One afternoon Master Shimabuku was teaching in the courtyard of his home in Agena. There was a tank in the yard that he used to collect rainwater for his thirsty students and to safeguard his family in case of drought. After a full day of teaching, Master Shimabuku sat atop the tank to enjoy a cup of tea and perhaps a little bit of Sake. As he began to relax from the toils of the day, he soon fell asleep and began to dream. In his dream, a man entered the courtyard and approached him. Suddenly, the man challenged Shimabuku to a fight, but instead of accepting the challenge, Master Shimabuku waved the man away with his left hand while clenching his right hand in a fist, should the aggressor persist. Before leaving, the stranger encircled Master Shimabuku in a ring of fire and then as mysteriously as he had appeared, he vanished.

Maintaining his composure, Master Shimabuku looked about, picked-up the bucket from the water tank and used it to pour water on the flames surrounding him. The flames were quickly extinguished, as was his dream, and he awoke.

The next day he had to go into Naha, the Okinawan capitol, on business. Upon entering one of the buildings there, he saw a picture on the wall of a woman waist deep in water. She was half woman and half serpent and had one hand extended in peace and the other clenched in a fist. He immediately inquired as to who the woman was and was told by the employee of the building that it was “Mizu‑Gami,” the shinto water goddess. Struck with the similarity between the Mizu‑Gami and the events in his dream the day earlier, he came to believe that her one open hand reflected a sign of peace but that her clenched fist represented a willingness to fight should evil persist. Furthermore, the Mizu‑Gami was in water, like he was on the tank, and like he had done in his dream, she was using the water to extinguish flames.
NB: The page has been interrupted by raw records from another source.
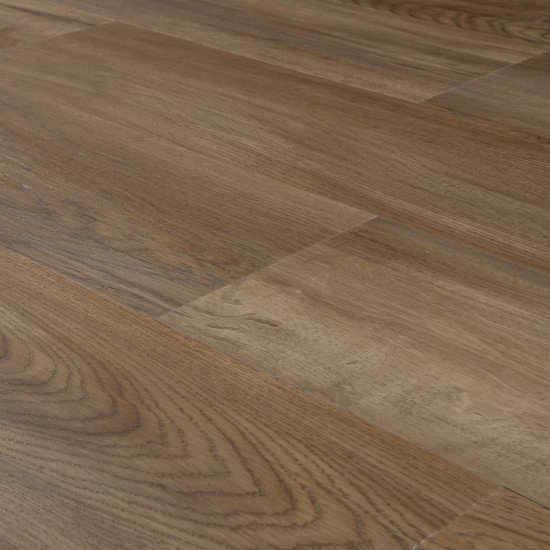 ПВХ плитка QS Alpha Vinyl BLOS BASE планка AVSPT 40348 Дуб Оклахома натуральный 1251хх4.0 мм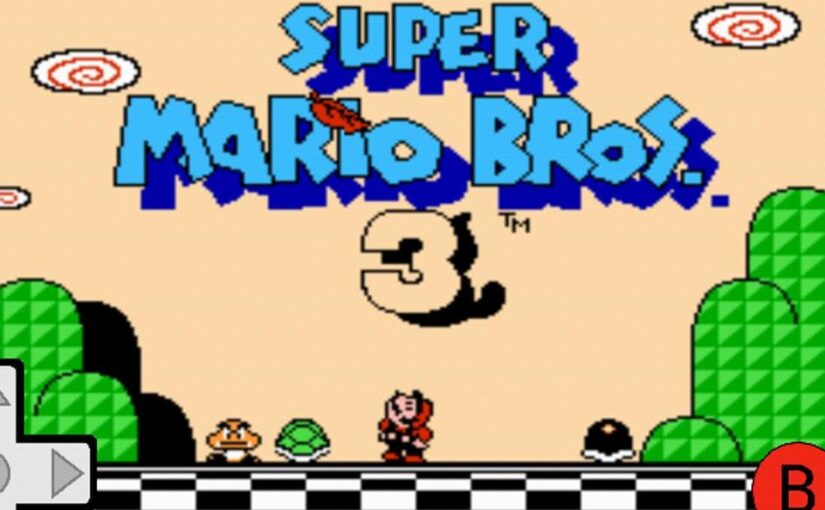 How to Play Classic Nintendo Games on Your Smartphone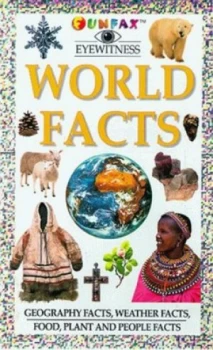 Image of World Facts by Fiona Waters and Robin Edmonds Paperback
He surmised that the water, therefore, represented purity, strength and goodness; and that fire was the symbol for evil, destruction and aggression.

Ultimately, the Mizu‑Gami became the central figure in the Isshin‑ryu patch, which incorporates all of Master Shimabuku’s philosophies pertaining to Karate:

  • strengthen the mind and body
  • instill self-discipline
  • promote self-confidence
  • gain a means of self-protection through constant study and practice.

The Meaning of the Isshin‑ryu Patch

The turbulent waters represent the stress and trials of life that we all face.

The grey background in the night sky represents the calm that is available to all Karate‑Kas through practice and patience, and that Karate should only be used for self defense.

The dragon is a sign of good luck in eastern mythology and signifies the Karate‑Ka ascending into a calm state in the face of problems through the practice of martial arts.

The dragon and the serpent both can also represent the fighting spirit one must have to overcome adversity. The three stars can either represent Shorin‑Ryu, Goju‑Ryu and Isshin‑ryu (mother, father and child); mind, spirit and body or simply the three Masters whom Master Shimabuku studied under: Chotoku Kyan, Choki Motobu and Chojun Miyagi.

The writing spells Isshin‑ryu. The orange ring around the outer edge of the patch stands for the ring of fire that encircled Master Shimabuku in his dream.

The oval shape of the patch represents the vertical Isshin‑ryu fist.

The Mizu‑Gami is always worn over a Karate-Ka’s heart to signify the “One Heart Way.”